● **What to work on**: Every record below should be written out exactly; pictures stay out.

*** Records to use ***

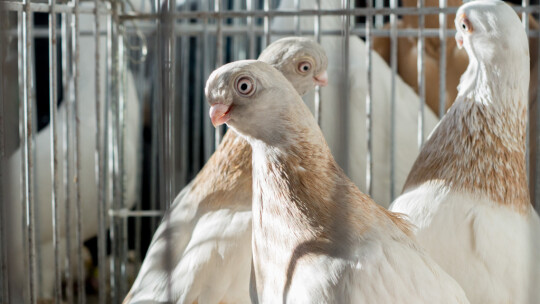 Wystawa Gołębi Rasowych i Ozdobnych po raz ósmy Wystawa Gołębi Rasowych i Ozdobnych po raz ósmy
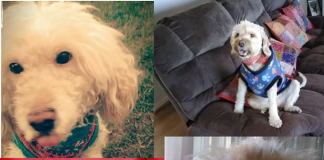 “Ley Duque”: Se despacha a Sala iniciativa que otorga permiso laboral y educacional por muerte de mascota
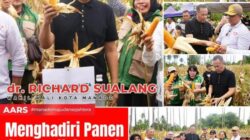 Panen Jagung di Mapanget, Richard Sualang Dorong Sinergi Pertanian untuk Ketahanan Pangan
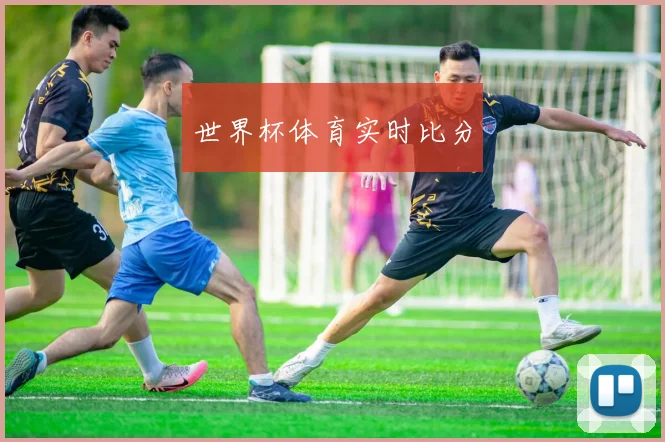 世界杯体育实时比分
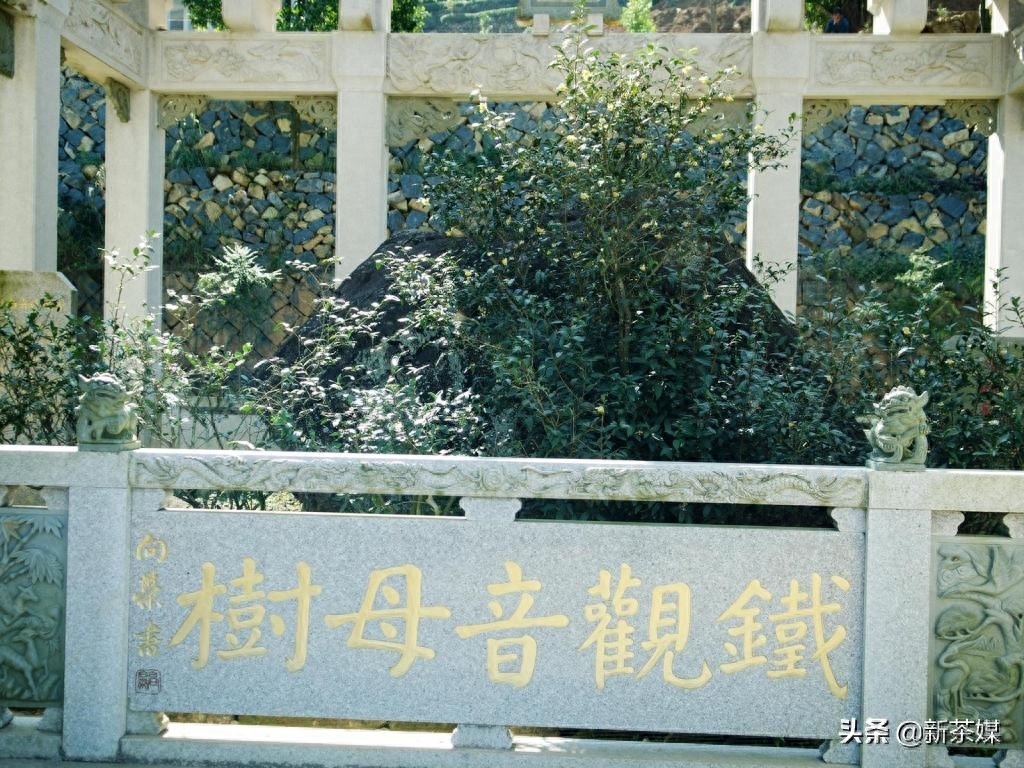 铁观音生茶? 不止普洱茶，原来铁观音也有“生茶”和“熟茶”-小南北茶评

*** End of Records to use ***

● **Response box**:
 Wystawa Gołębi Rasowych i Ozdobnych po raz ósmy Wystawa Gołębi Rasowych i Ozdobnych po raz ósmy
 “Ley Duque”: Se despacha a Sala iniciativa que otorga permiso laboral y educacional por muerte de mascota
 Panen Jagung di Mapanget, Richard Sualang Dorong Sinergi Pertanian untuk Ketahanan Pangan
 世界杯体育实时比分
 铁观音生茶? 不止普洱茶，原来铁观音也有“生茶”和“熟茶”-小南北茶评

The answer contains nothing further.